╔══
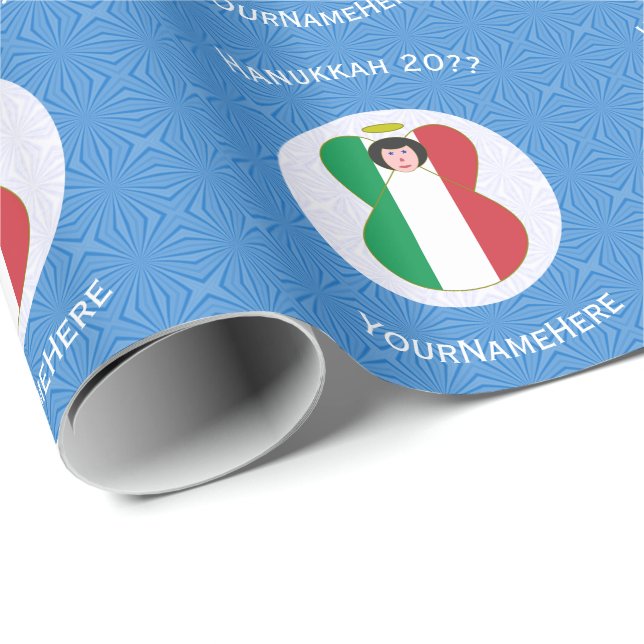 Papel De Regalo Bandera del Ángel Italiano para Hanukkah (Esquina del rollo)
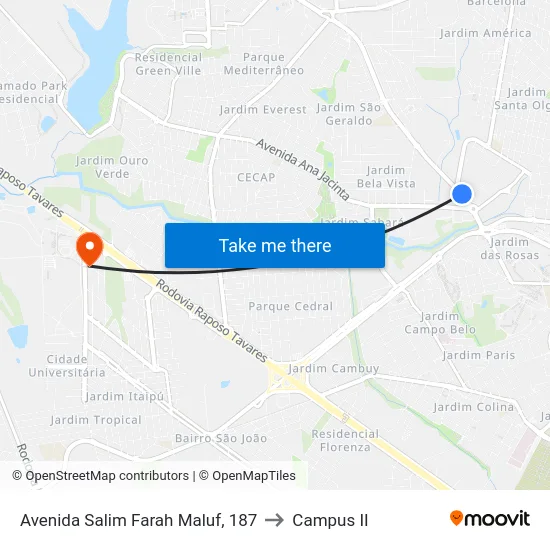 Avenida Salim Farah Maluf, 187 to Campus  II map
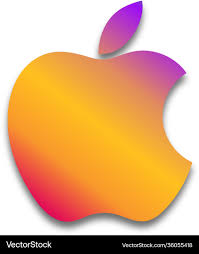 apple logo colorful on white background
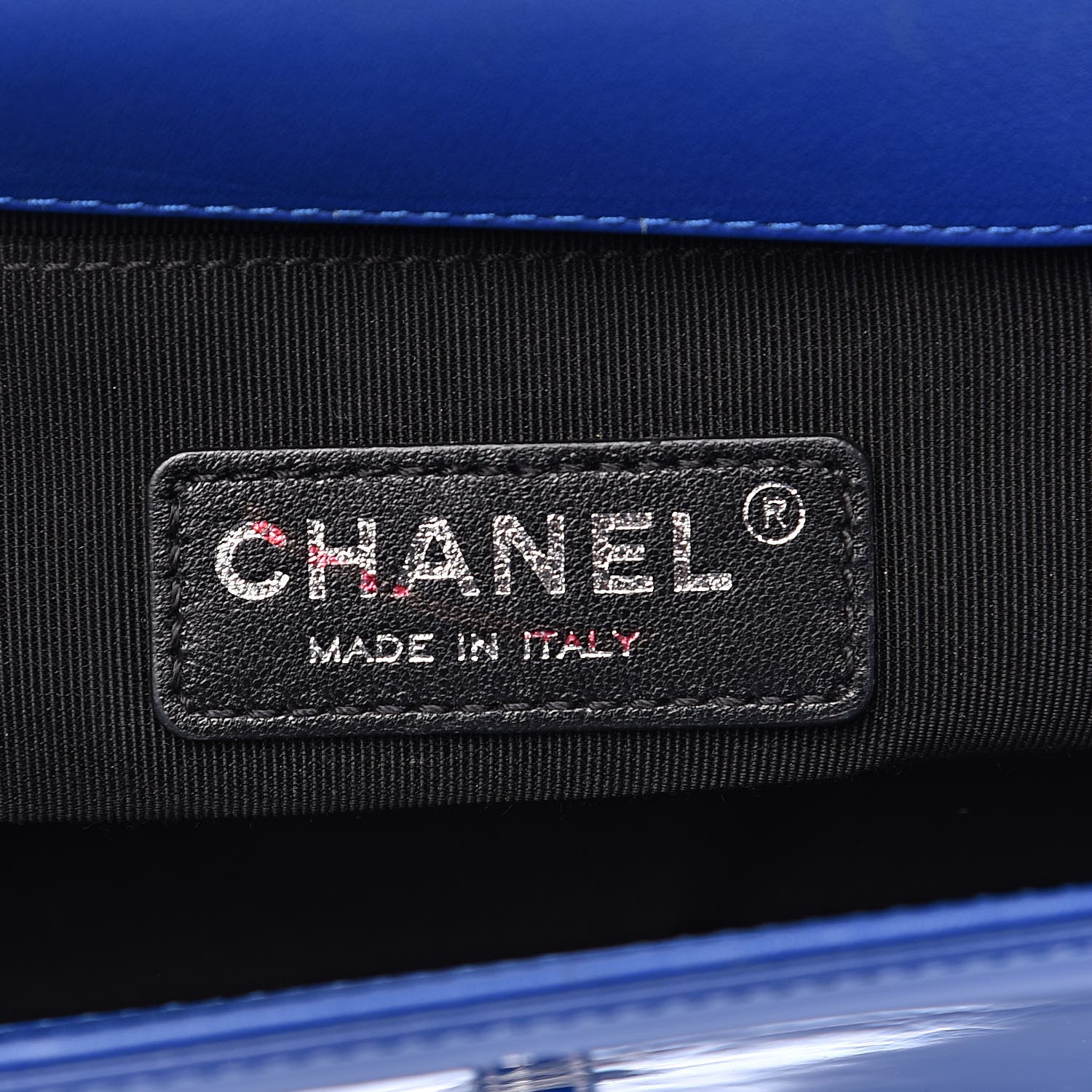 Chanel Patent Calfskin Quilted Small Plexiglass Boy Flap Blue 6 of 15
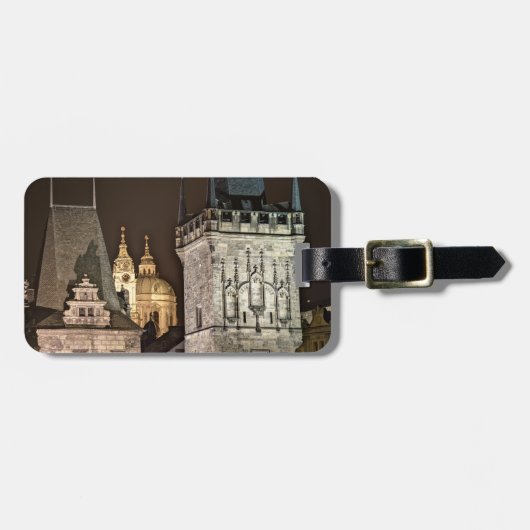 Praag torens nacht bagagelabel (Voorkant horizontaal)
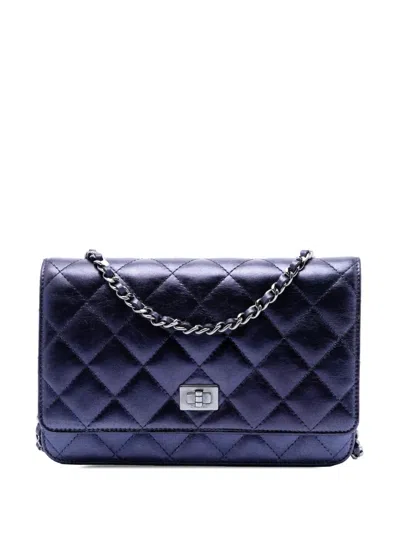 Pre-owned Chanel 2008-2009 Quilted Shiny Aged Calfskin Reissue 2.55 Wallet On Chain Crossbody Bag In Blue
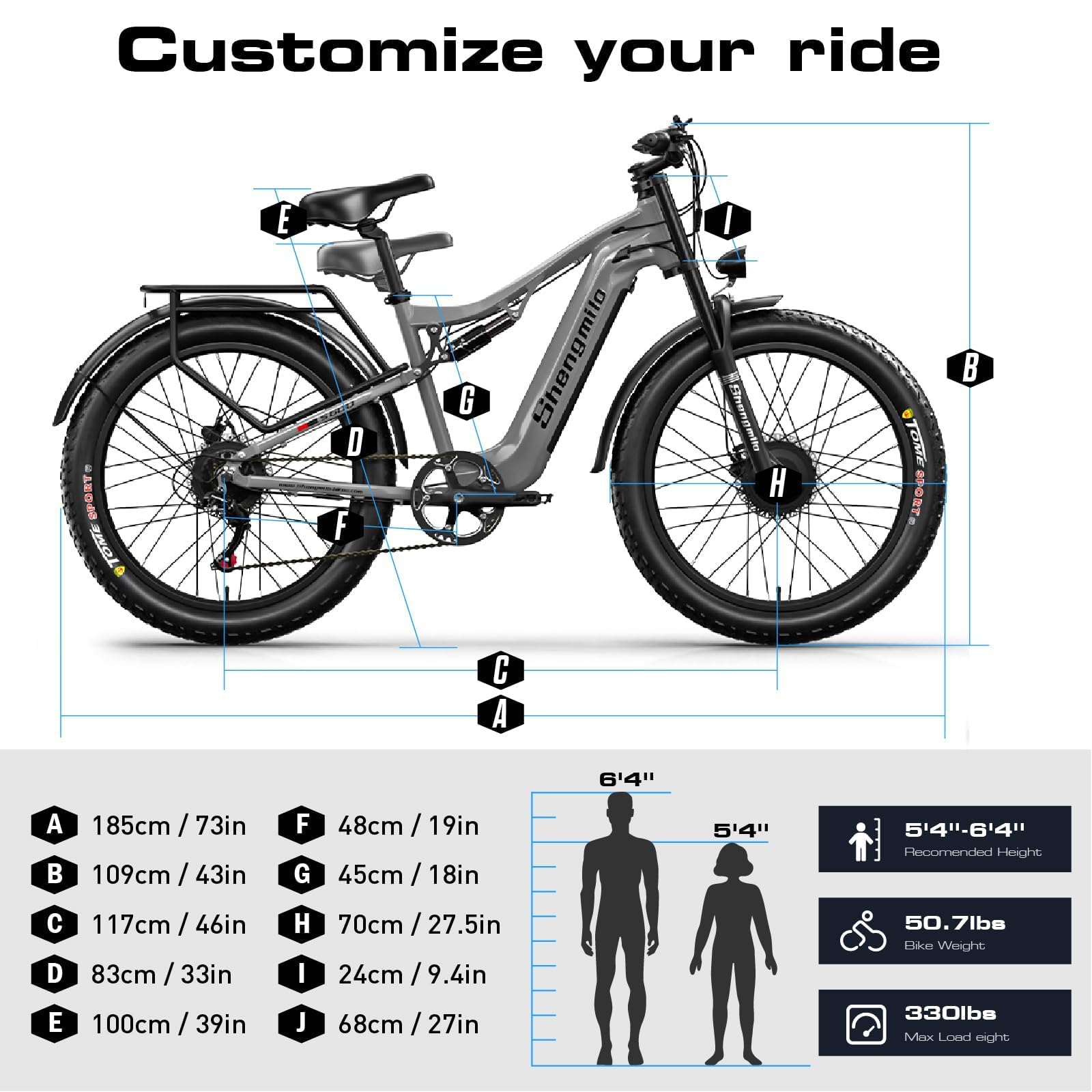 Shengmilo Bici elettriche per pneumatici grassi 26 * 3.0 per adulti, mountain bike elettrica S600, motore con coppia di 95 N∙m, telaio in lega di alluminio, display LCD, batteria ad alta capacità 48V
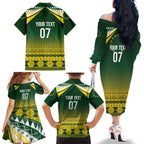 Cook Islands Rugby Custom Family Matching Off The Shoulder Long Sleeve Dress and Hawaiian Shirt Kuki Avaiki - Aussie Hoodie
╚══
Action item —
What is needed is every record above, restated word for word, with the pictures left out.

Answer to this problem —
 Papel De Regalo Bandera del Ángel Italiano para Hanukkah (Esquina del rollo)
 Avenida Salim Farah Maluf, 187 to Campus  II map
 apple logo colorful on white background
 Chanel Patent Calfskin Quilted Small Plexiglass Boy Flap Blue 6 of 15
 Praag torens nacht bagagelabel (Voorkant horizontaal)
 Pre-owned Chanel 2008-2009 Quilted Shiny Aged Calfskin Reissue 2.55 Wallet On Chain Crossbody Bag In Blue
 Shengmilo Bici elettriche per pneumatici grassi 26 * 3.0 per adulti, mountain bike elettrica S600, motore con coppia di 95 N∙m, telaio in lega di alluminio, display LCD, batteria ad alta capacità 48V
 Cook Islands Rugby Custom Family Matching Off The Shoulder Long Sleeve Dress and Hawaiian Shirt Kuki Avaiki - Aussie Hoodie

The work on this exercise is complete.